WHAT YOU SHOULD DO – Each entry that follows is to be copied exactly, minus any pictures.

PROVIDED DATA START

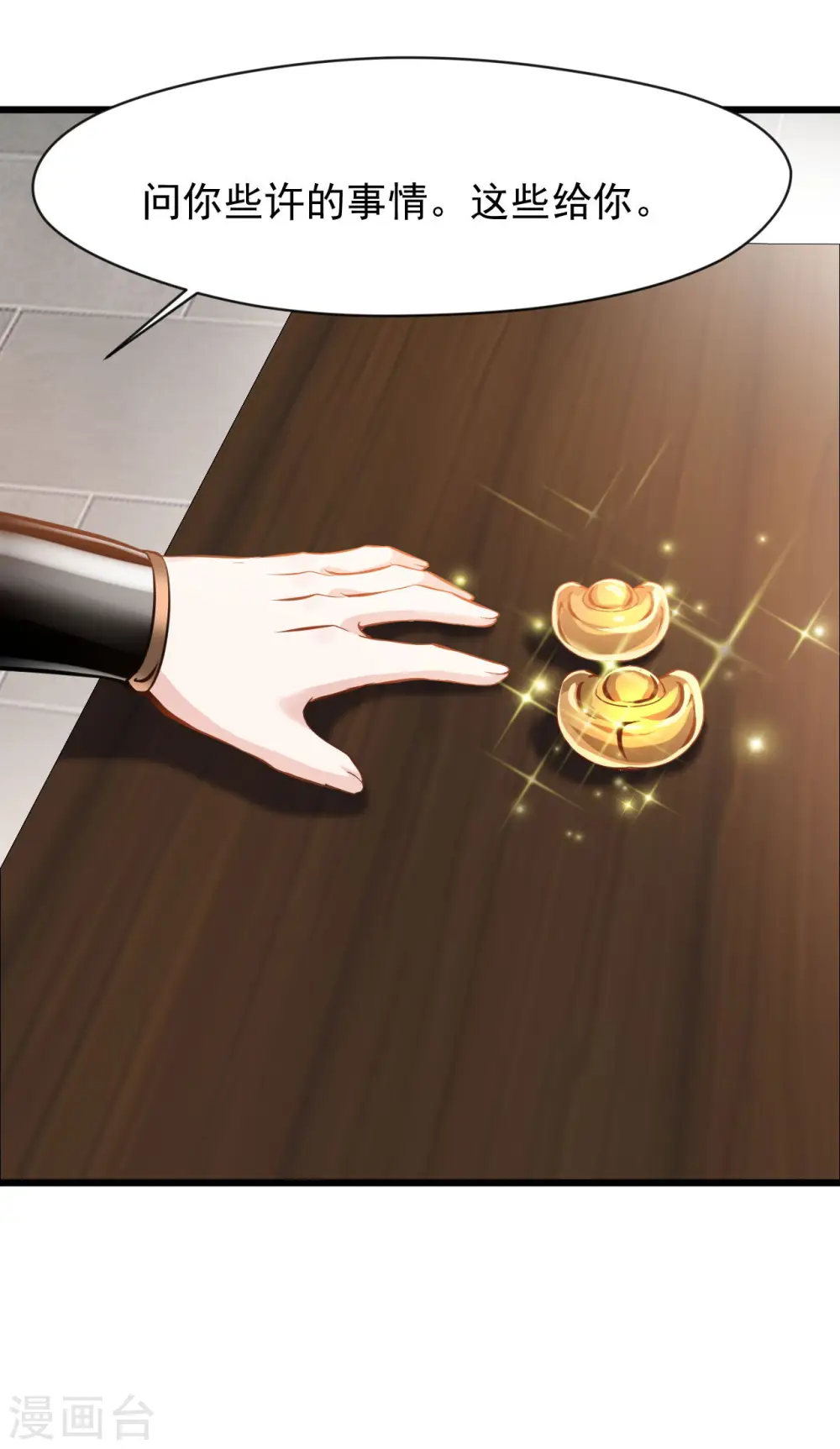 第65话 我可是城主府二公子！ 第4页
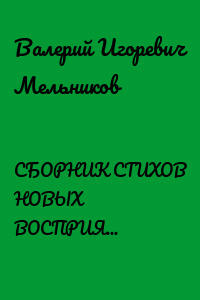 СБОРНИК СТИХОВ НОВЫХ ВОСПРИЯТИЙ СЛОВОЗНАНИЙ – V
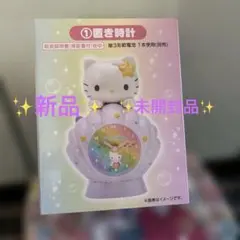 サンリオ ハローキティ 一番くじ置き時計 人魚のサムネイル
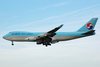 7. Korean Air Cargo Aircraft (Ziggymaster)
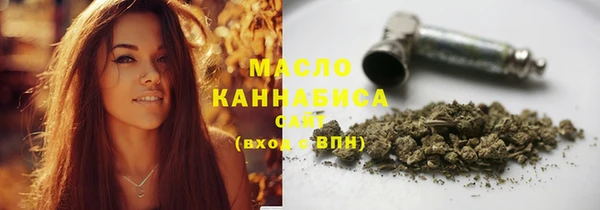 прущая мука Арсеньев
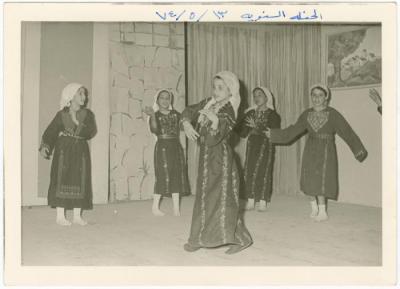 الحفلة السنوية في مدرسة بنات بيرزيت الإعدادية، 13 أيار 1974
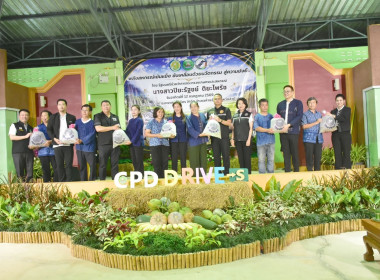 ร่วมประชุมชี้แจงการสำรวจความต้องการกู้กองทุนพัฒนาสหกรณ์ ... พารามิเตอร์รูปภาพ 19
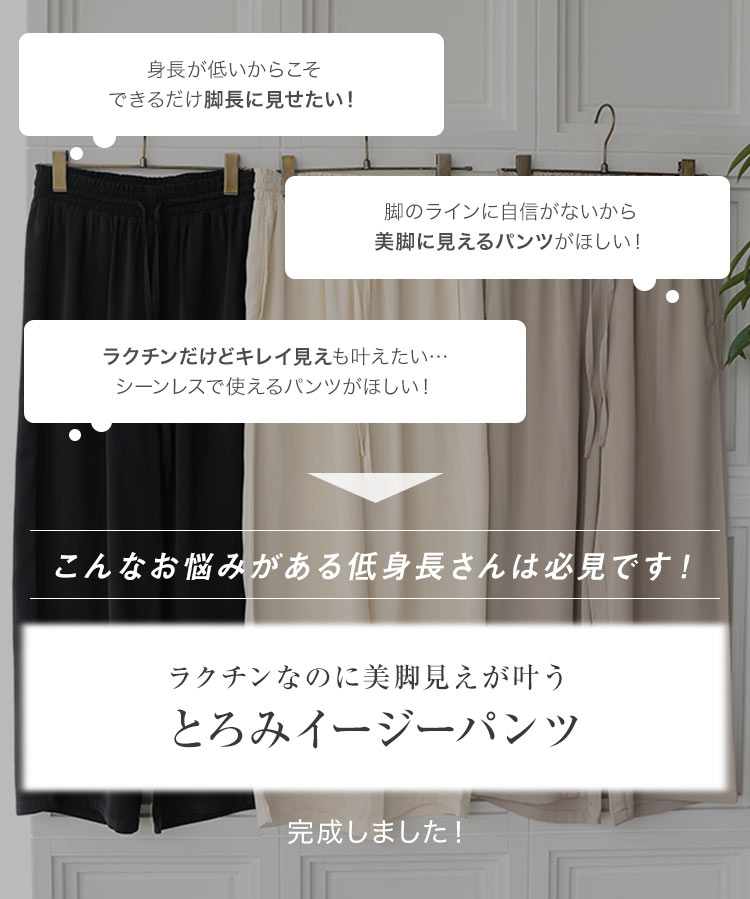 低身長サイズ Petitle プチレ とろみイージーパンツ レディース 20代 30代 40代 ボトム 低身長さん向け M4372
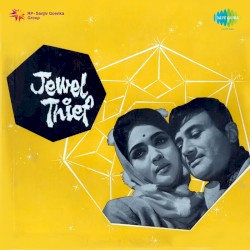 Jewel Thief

PROVIDED DATA END

THE COMPLETED TASK –
 第65话 我可是城主府二公子！ 第4页
 СБОРНИК СТИХОВ НОВЫХ ВОСПРИЯТИЙ СЛОВОЗНАНИЙ – V
 サンリオ ハローキティ 一番くじ置き時計 人魚のサムネイル
 7. Korean Air Cargo Aircraft (Ziggymaster)
 прущая мука Арсеньев
 الحفلة السنوية في مدرسة بنات بيرزيت الإعدادية، 13 أيار 1974
 ร่วมประชุมชี้แจงการสำรวจความต้องการกู้กองทุนพัฒนาสหกรณ์ ... พารามิเตอร์รูปภาพ 19
 低身長サイズ Petitle プチレ とろみイージーパンツ レディース 20代 30代 40代 ボトム 低身長さん向け M4372
 Jewel Thief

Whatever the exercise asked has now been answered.